** What to do **
Would you restate every entry below word for word? Leave out the pictures.

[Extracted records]
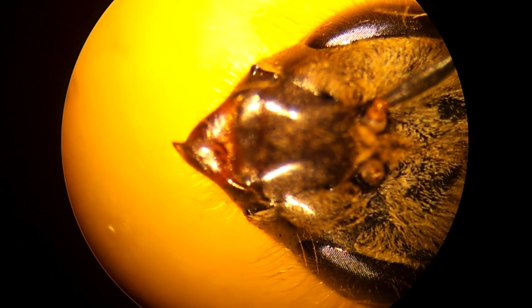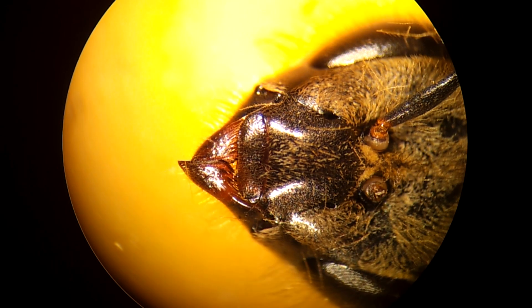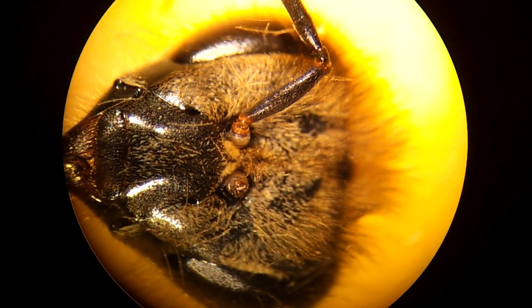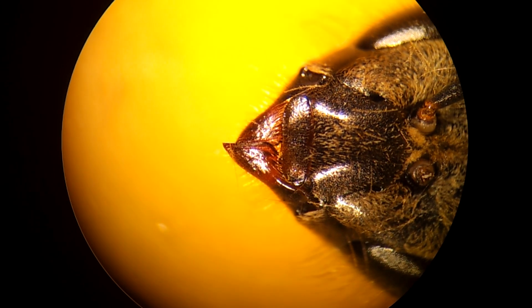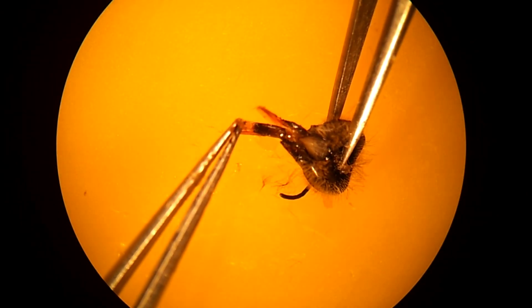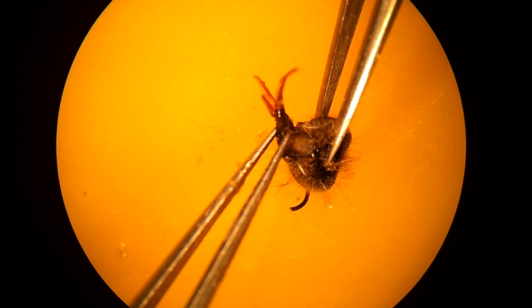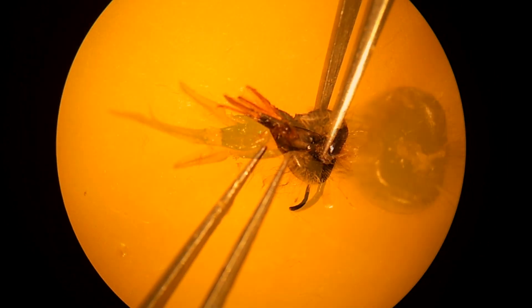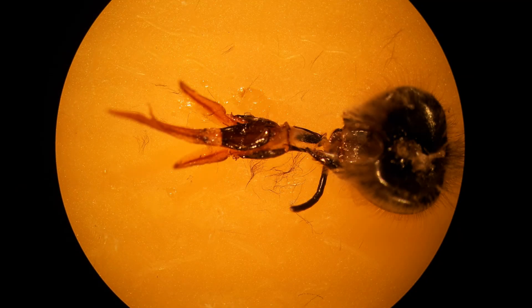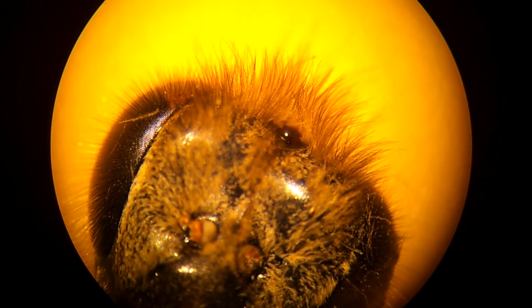They have spoon-shaped jaws called mandibles that open side to side — these are perfect for chewing and shaping wax. In order to get a good look at the mouth parts, I'm going to need to pull them off; they fold up under the head. This is often referred to as the tongue, but there's much more to it than what we typically think of as a tongue. Here's an opportunity to take a closer look at the eyes. Notice how the compound eyes have hair in the facets. And right in the center top of the head, we can get a good look at one of the three ocelli.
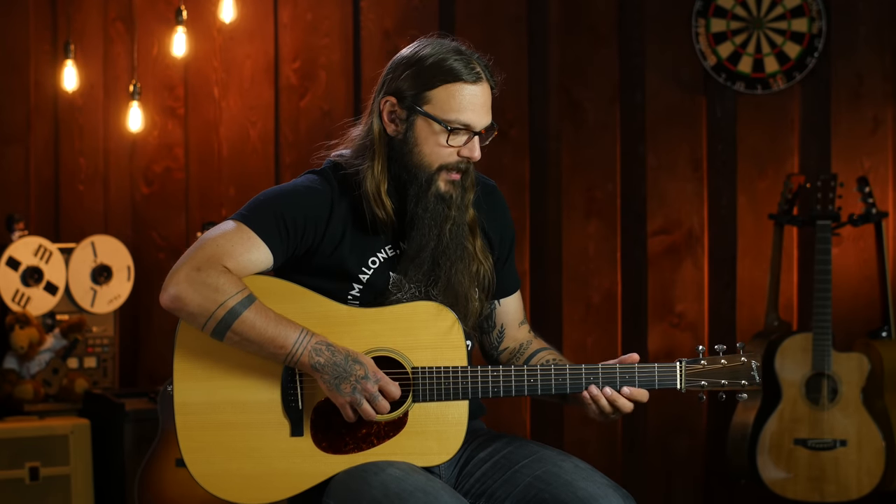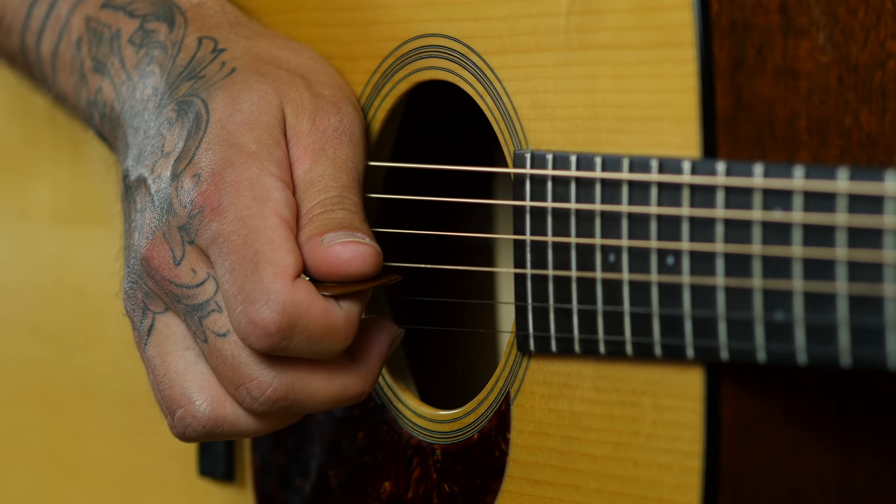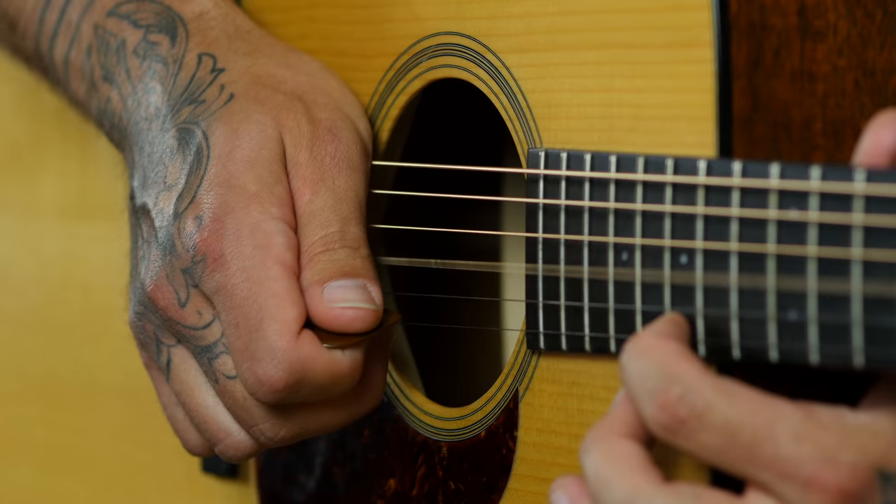Once you get comfortable with that — again using your middle or ring finger on the high E string — I want you to stagger it. So instead of pinching the strings at the same time, I want your pick to fire on the G and then pluck up with your middle or ring finger on the high E string. So instead of a quarter note, it turns into a set of eighth notes: one-and. You'll do that for the entire scale: one and two and three and four and, one and two and three and four and.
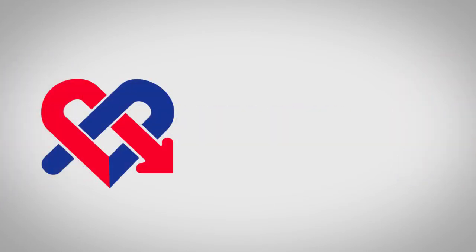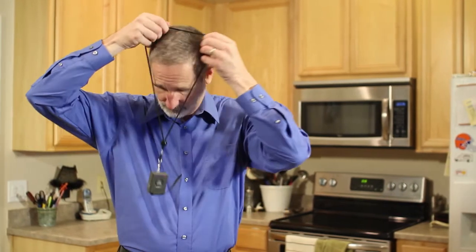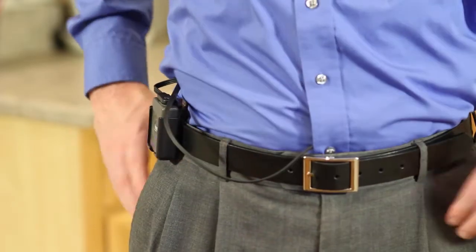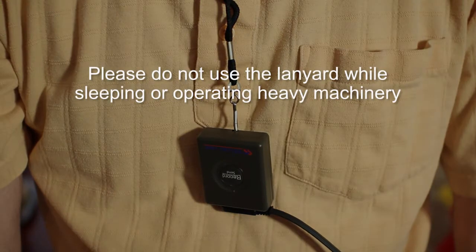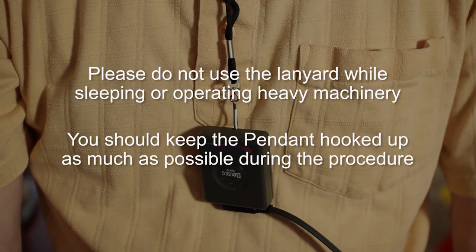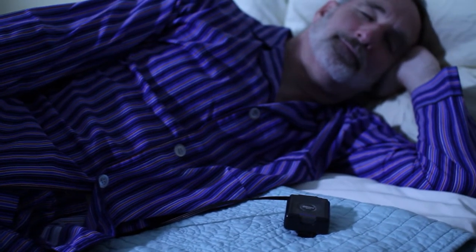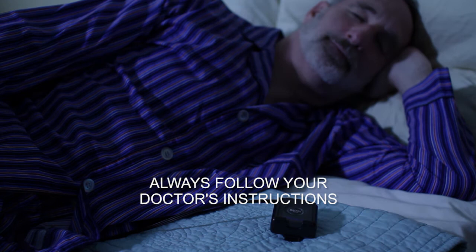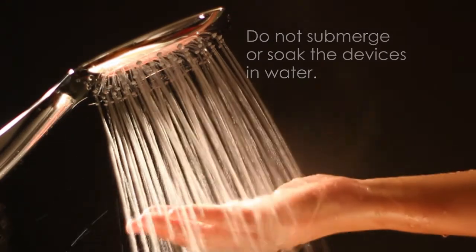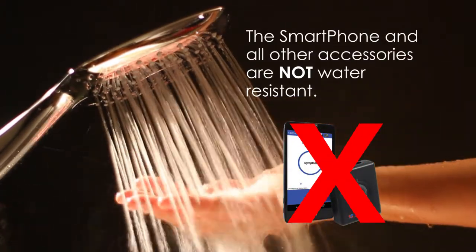Wearing the monitor. You may wear the pendant around your neck using the lanyard or on your belt, or on other clothing using the belt clip. Please do not use the lanyard while sleeping or operating machinery. You should keep the pendant hooked up to you as much as possible during the length of your procedure, including when you sleep and during your regular daily activities — but always follow your doctor's instructions. Do not submerge or soak the devices in water. The handset and other accessories are not water resistant, so please take precautions to prevent the smartphone from any moisture.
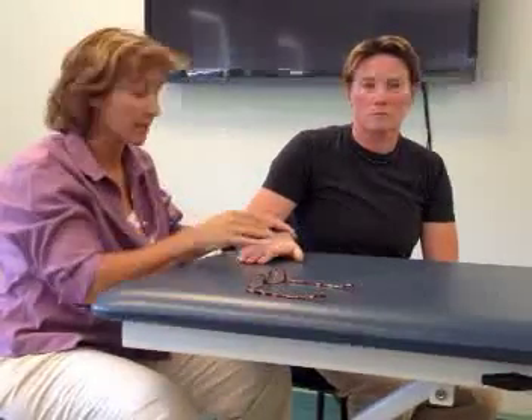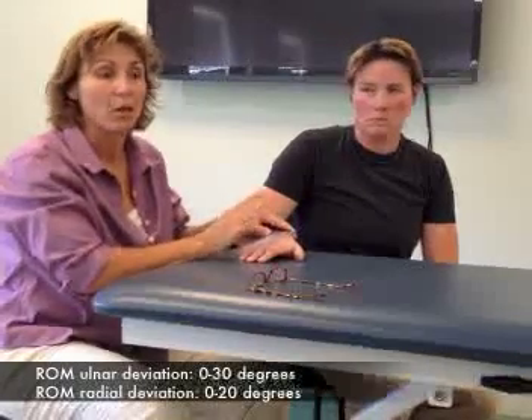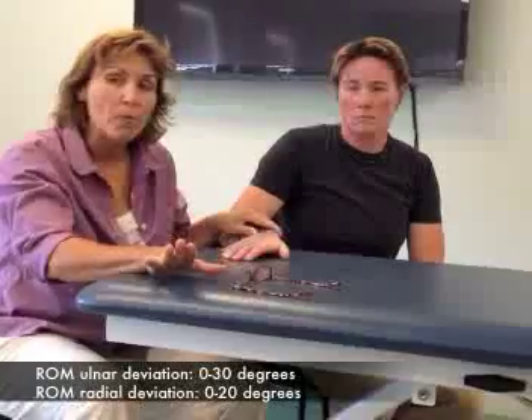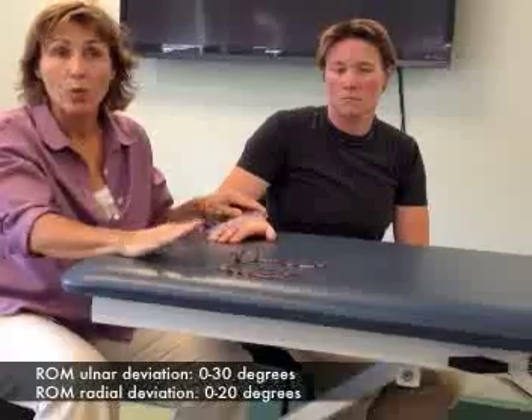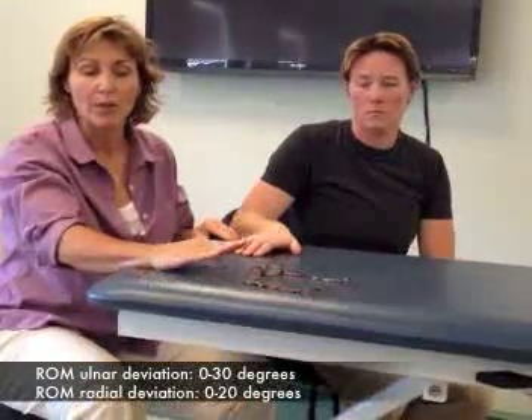Sometimes when you do this, you have to kind of sneak your fulcrum up a little bit. As long as you keep your moving arm and your stationary arm in line, it's okay if your axis moves a little bit. Your norm for ulnar deviation is 30 degrees, and for radial deviation it's 20 degrees. You always have a little more ulnar than radial.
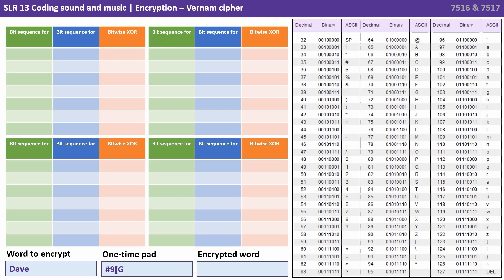The word we want to encrypt is going to be 'Dave' — that's capital D, lowercase a, v, e. We then have our one-time pad. Remember that it has to be at least as long as the plain text we want to encrypt. And it is — it's four characters: a hash symbol, a nine, an open square bracket, and a capital G.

** Response to the task **
They have spoon-shaped jaws called mandibles that open side to side — these are perfect for chewing and shaping wax. In order to get a good look at the mouth parts, I'm going to need to pull them off; they fold up under the head. This is often referred to as the tongue, but there's much more to it than what we typically think of as a tongue. Here's an opportunity to take a closer look at the eyes. Notice how the compound eyes have hair in the facets. And right in the center top of the head, we can get a good look at one of the three ocelli.
Once you get comfortable with that — again using your middle or ring finger on the high E string — I want you to stagger it. So instead of pinching the strings at the same time, I want your pick to fire on the G and then pluck up with your middle or ring finger on the high E string. So instead of a quarter note, it turns into a set of eighth notes: one-and. You'll do that for the entire scale: one and two and three and four and, one and two and three and four and.
Wearing the monitor. You may wear the pendant around your neck using the lanyard or on your belt, or on other clothing using the belt clip. Please do not use the lanyard while sleeping or operating machinery. You should keep the pendant hooked up to you as much as possible during the length of your procedure, including when you sleep and during your regular daily activities — but always follow your doctor's instructions. Do not submerge or soak the devices in water. The handset and other accessories are not water resistant, so please take precautions to prevent the smartphone from any moisture.
Sometimes when you do this, you have to kind of sneak your fulcrum up a little bit. As long as you keep your moving arm and your stationary arm in line, it's okay if your axis moves a little bit. Your norm for ulnar deviation is 30 degrees, and for radial deviation it's 20 degrees. You always have a little more ulnar than radial.
The word we want to encrypt is going to be 'Dave' — that's capital D, lowercase a, v, e. We then have our one-time pad. Remember that it has to be at least as long as the plain text we want to encrypt. And it is — it's four characters: a hash symbol, a nine, an open square bracket, and a capital G.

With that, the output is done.